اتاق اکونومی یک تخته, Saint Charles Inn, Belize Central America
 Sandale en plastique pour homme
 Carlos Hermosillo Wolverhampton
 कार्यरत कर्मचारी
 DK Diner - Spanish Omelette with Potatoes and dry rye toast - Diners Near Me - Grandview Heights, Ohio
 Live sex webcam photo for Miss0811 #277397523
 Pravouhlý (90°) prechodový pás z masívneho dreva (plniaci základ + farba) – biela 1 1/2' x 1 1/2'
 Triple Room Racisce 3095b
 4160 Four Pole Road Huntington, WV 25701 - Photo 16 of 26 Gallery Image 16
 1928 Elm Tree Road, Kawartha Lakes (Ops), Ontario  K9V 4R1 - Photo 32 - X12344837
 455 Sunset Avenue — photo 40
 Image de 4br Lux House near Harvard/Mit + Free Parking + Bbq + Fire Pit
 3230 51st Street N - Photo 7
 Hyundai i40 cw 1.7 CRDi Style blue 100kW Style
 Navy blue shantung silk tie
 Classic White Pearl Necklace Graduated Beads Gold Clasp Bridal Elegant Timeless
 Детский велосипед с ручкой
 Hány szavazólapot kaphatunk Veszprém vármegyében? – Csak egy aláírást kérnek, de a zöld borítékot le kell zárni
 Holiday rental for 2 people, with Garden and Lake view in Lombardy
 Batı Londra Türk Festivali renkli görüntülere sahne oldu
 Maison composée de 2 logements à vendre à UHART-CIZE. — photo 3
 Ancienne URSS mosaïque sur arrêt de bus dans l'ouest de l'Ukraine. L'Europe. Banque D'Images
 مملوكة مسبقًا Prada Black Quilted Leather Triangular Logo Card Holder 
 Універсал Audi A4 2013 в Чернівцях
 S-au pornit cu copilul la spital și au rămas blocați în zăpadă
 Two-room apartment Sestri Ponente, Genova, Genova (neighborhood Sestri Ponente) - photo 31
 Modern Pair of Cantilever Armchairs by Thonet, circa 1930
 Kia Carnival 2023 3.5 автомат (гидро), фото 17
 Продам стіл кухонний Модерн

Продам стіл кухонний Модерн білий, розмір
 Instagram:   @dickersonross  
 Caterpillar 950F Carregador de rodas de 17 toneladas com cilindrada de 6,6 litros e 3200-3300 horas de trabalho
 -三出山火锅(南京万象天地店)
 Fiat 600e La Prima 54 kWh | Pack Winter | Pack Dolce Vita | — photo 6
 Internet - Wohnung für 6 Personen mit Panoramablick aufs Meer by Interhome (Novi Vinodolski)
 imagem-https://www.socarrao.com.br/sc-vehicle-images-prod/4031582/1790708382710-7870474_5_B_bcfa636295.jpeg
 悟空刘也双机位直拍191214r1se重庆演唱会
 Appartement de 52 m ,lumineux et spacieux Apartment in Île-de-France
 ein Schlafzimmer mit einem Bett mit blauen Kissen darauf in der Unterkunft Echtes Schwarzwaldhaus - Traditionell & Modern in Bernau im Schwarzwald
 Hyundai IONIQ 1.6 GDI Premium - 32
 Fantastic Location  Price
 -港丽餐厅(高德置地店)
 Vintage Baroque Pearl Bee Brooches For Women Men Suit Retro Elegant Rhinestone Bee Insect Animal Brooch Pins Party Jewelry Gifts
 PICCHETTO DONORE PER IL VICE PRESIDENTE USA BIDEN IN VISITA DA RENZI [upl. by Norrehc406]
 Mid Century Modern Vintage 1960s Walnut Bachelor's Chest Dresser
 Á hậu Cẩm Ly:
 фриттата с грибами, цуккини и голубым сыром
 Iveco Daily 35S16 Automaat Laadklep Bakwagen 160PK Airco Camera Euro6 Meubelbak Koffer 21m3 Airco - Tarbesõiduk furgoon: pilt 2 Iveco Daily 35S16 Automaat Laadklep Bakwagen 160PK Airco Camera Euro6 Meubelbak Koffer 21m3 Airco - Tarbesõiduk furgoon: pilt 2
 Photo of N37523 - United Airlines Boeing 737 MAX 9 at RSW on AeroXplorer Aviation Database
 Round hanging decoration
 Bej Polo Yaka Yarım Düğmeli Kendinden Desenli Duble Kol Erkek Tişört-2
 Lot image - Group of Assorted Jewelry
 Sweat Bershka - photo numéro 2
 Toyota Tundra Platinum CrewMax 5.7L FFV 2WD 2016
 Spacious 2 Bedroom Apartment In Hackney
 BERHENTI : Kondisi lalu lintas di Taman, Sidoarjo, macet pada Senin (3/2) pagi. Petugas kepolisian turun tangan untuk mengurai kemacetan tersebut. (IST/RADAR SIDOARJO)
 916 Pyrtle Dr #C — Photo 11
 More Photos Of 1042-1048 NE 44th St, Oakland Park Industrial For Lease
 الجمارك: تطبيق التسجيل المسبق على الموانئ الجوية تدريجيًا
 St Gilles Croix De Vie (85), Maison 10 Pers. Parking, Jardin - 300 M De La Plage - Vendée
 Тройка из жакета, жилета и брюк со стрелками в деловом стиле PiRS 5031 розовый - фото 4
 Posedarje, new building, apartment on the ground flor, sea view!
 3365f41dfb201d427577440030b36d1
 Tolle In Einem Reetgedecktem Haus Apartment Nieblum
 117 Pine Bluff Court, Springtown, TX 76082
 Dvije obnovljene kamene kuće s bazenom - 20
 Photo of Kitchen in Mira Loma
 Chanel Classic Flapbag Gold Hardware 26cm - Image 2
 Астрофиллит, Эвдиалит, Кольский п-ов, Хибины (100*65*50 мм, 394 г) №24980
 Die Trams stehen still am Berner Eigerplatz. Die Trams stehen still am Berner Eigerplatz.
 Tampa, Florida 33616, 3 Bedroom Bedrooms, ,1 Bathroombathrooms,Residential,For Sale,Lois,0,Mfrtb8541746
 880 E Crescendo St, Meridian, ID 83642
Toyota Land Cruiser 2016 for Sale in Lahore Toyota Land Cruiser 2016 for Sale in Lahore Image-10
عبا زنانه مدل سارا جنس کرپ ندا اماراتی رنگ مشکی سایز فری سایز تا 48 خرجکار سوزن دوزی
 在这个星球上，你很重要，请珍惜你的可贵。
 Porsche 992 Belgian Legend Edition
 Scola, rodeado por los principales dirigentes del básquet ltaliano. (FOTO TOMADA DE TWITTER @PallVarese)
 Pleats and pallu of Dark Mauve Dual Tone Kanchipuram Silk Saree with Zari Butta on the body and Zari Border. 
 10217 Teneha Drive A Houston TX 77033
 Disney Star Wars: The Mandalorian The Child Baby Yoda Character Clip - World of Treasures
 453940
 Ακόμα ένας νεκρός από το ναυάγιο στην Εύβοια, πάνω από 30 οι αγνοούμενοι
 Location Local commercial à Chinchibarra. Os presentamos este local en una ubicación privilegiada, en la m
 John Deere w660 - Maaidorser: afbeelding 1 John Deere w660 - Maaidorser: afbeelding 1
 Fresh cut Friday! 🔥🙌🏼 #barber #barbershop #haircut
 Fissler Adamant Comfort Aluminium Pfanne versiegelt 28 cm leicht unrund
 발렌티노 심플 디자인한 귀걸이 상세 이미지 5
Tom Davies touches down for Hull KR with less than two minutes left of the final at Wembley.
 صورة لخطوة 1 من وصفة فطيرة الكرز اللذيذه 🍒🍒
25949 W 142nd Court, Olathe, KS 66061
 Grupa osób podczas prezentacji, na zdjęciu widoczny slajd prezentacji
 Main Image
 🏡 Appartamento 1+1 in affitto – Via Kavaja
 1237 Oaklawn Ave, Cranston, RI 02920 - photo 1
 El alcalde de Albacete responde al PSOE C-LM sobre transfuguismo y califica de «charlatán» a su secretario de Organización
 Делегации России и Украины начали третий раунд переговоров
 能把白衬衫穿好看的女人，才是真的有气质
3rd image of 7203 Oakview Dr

# Aim of the exercise:
Print the entries once more, character for character.

# Response:
اتاق اکونومی یک تخته, Saint Charles Inn, Belize Central America
 Sandale en plastique pour homme
 Carlos Hermosillo Wolverhampton
 कार्यरत कर्मचारी
 DK Diner - Spanish Omelette with Potatoes and dry rye toast - Diners Near Me - Grandview Heights, Ohio
 Live sex webcam photo for Miss0811 #277397523
 Pravouhlý (90°) prechodový pás z masívneho dreva (plniaci základ + farba) – biela 1 1/2' x 1 1/2'
 Triple Room Racisce 3095b
 4160 Four Pole Road Huntington, WV 25701 - Photo 16 of 26 Gallery Image 16
 1928 Elm Tree Road, Kawartha Lakes (Ops), Ontario  K9V 4R1 - Photo 32 - X12344837
 455 Sunset Avenue — photo 40
 Image de 4br Lux House near Harvard/Mit + Free Parking + Bbq + Fire Pit
 3230 51st Street N - Photo 7
 Hyundai i40 cw 1.7 CRDi Style blue 100kW Style
 Navy blue shantung silk tie
 Classic White Pearl Necklace Graduated Beads Gold Clasp Bridal Elegant Timeless
 Детский велосипед с ручкой
 Hány szavazólapot kaphatunk Veszprém vármegyében? – Csak egy aláírást kérnek, de a zöld borítékot le kell zárni
 Holiday rental for 2 people, with Garden and Lake view in Lombardy
 Batı Londra Türk Festivali renkli görüntülere sahne oldu
 Maison composée de 2 logements à vendre à UHART-CIZE. — photo 3
 Ancienne URSS mosaïque sur arrêt de bus dans l'ouest de l'Ukraine. L'Europe. Banque D'Images
 مملوكة مسبقًا Prada Black Quilted Leather Triangular Logo Card Holder 
 Універсал Audi A4 2013 в Чернівцях
 S-au pornit cu copilul la spital și au rămas blocați în zăpadă
 Two-room apartment Sestri Ponente, Genova, Genova (neighborhood Sestri Ponente) - photo 31
 Modern Pair of Cantilever Armchairs by Thonet, circa 1930
 Kia Carnival 2023 3.5 автомат (гидро), фото 17
 Продам стіл кухонний Модерн

Продам стіл кухонний Модерн білий, розмір
 Instagram:   @dickersonross  
 Caterpillar 950F Carregador de rodas de 17 toneladas com cilindrada de 6,6 litros e 3200-3300 horas de trabalho
 -三出山火锅(南京万象天地店)
 Fiat 600e La Prima 54 kWh | Pack Winter | Pack Dolce Vita | — photo 6
 Internet - Wohnung für 6 Personen mit Panoramablick aufs Meer by Interhome (Novi Vinodolski)
 imagem-https://www.socarrao.com.br/sc-vehicle-images-prod/4031582/1790708382710-7870474_5_B_bcfa636295.jpeg
 悟空刘也双机位直拍191214r1se重庆演唱会
 Appartement de 52 m ,lumineux et spacieux Apartment in Île-de-France
 ein Schlafzimmer mit einem Bett mit blauen Kissen darauf in der Unterkunft Echtes Schwarzwaldhaus - Traditionell & Modern in Bernau im Schwarzwald
 Hyundai IONIQ 1.6 GDI Premium - 32
 Fantastic Location  Price
 -港丽餐厅(高德置地店)
 Vintage Baroque Pearl Bee Brooches For Women Men Suit Retro Elegant Rhinestone Bee Insect Animal Brooch Pins Party Jewelry Gifts
 PICCHETTO DONORE PER IL VICE PRESIDENTE USA BIDEN IN VISITA DA RENZI [upl. by Norrehc406]
 Mid Century Modern Vintage 1960s Walnut Bachelor's Chest Dresser
 Á hậu Cẩm Ly:
 фриттата с грибами, цуккини и голубым сыром
 Iveco Daily 35S16 Automaat Laadklep Bakwagen 160PK Airco Camera Euro6 Meubelbak Koffer 21m3 Airco - Tarbesõiduk furgoon: pilt 2 Iveco Daily 35S16 Automaat Laadklep Bakwagen 160PK Airco Camera Euro6 Meubelbak Koffer 21m3 Airco - Tarbesõiduk furgoon: pilt 2
 Photo of N37523 - United Airlines Boeing 737 MAX 9 at RSW on AeroXplorer Aviation Database
 Round hanging decoration
 Bej Polo Yaka Yarım Düğmeli Kendinden Desenli Duble Kol Erkek Tişört-2
 Lot image - Group of Assorted Jewelry
 Sweat Bershka - photo numéro 2
 Toyota Tundra Platinum CrewMax 5.7L FFV 2WD 2016
 Spacious 2 Bedroom Apartment In Hackney
 BERHENTI : Kondisi lalu lintas di Taman, Sidoarjo, macet pada Senin (3/2) pagi. Petugas kepolisian turun tangan untuk mengurai kemacetan tersebut. (IST/RADAR SIDOARJO)
 916 Pyrtle Dr #C — Photo 11
 More Photos Of 1042-1048 NE 44th St, Oakland Park Industrial For Lease
 الجمارك: تطبيق التسجيل المسبق على الموانئ الجوية تدريجيًا
 St Gilles Croix De Vie (85), Maison 10 Pers. Parking, Jardin - 300 M De La Plage - Vendée
 Тройка из жакета, жилета и брюк со стрелками в деловом стиле PiRS 5031 розовый - фото 4
 Posedarje, new building, apartment on the ground flor, sea view!
 3365f41dfb201d427577440030b36d1
 Tolle In Einem Reetgedecktem Haus Apartment Nieblum
 117 Pine Bluff Court, Springtown, TX 76082
 Dvije obnovljene kamene kuće s bazenom - 20
 Photo of Kitchen in Mira Loma
 Chanel Classic Flapbag Gold Hardware 26cm - Image 2
 Астрофиллит, Эвдиалит, Кольский п-ов, Хибины (100*65*50 мм, 394 г) №24980
 Die Trams stehen still am Berner Eigerplatz. Die Trams stehen still am Berner Eigerplatz.
 Tampa, Florida 33616, 3 Bedroom Bedrooms, ,1 Bathroombathrooms,Residential,For Sale,Lois,0,Mfrtb8541746
 880 E Crescendo St, Meridian, ID 83642
Toyota Land Cruiser 2016 for Sale in Lahore Toyota Land Cruiser 2016 for Sale in Lahore Image-10
عبا زنانه مدل سارا جنس کرپ ندا اماراتی رنگ مشکی سایز فری سایز تا 48 خرجکار سوزن دوزی
 在这个星球上，你很重要，请珍惜你的可贵。
 Porsche 992 Belgian Legend Edition
 Scola, rodeado por los principales dirigentes del básquet ltaliano. (FOTO TOMADA DE TWITTER @PallVarese)
 Pleats and pallu of Dark Mauve Dual Tone Kanchipuram Silk Saree with Zari Butta on the body and Zari Border. 
 10217 Teneha Drive A Houston TX 77033
 Disney Star Wars: The Mandalorian The Child Baby Yoda Character Clip - World of Treasures
 453940
 Ακόμα ένας νεκρός από το ναυάγιο στην Εύβοια, πάνω από 30 οι αγνοούμενοι
 Location Local commercial à Chinchibarra. Os presentamos este local en una ubicación privilegiada, en la m
 John Deere w660 - Maaidorser: afbeelding 1 John Deere w660 - Maaidorser: afbeelding 1
 Fresh cut Friday! 🔥🙌🏼 #barber #barbershop #haircut
 Fissler Adamant Comfort Aluminium Pfanne versiegelt 28 cm leicht unrund
 발렌티노 심플 디자인한 귀걸이 상세 이미지 5
Tom Davies touches down for Hull KR with less than two minutes left of the final at Wembley.
 صورة لخطوة 1 من وصفة فطيرة الكرز اللذيذه 🍒🍒
25949 W 142nd Court, Olathe, KS 66061
 Grupa osób podczas prezentacji, na zdjęciu widoczny slajd prezentacji
 Main Image
 🏡 Appartamento 1+1 in affitto – Via Kavaja
 1237 Oaklawn Ave, Cranston, RI 02920 - photo 1
 El alcalde de Albacete responde al PSOE C-LM sobre transfuguismo y califica de «charlatán» a su secretario de Organización
 Делегации России и Украины начали третий раунд переговоров
 能把白衬衫穿好看的女人，才是真的有气质
3rd image of 7203 Oakview Dr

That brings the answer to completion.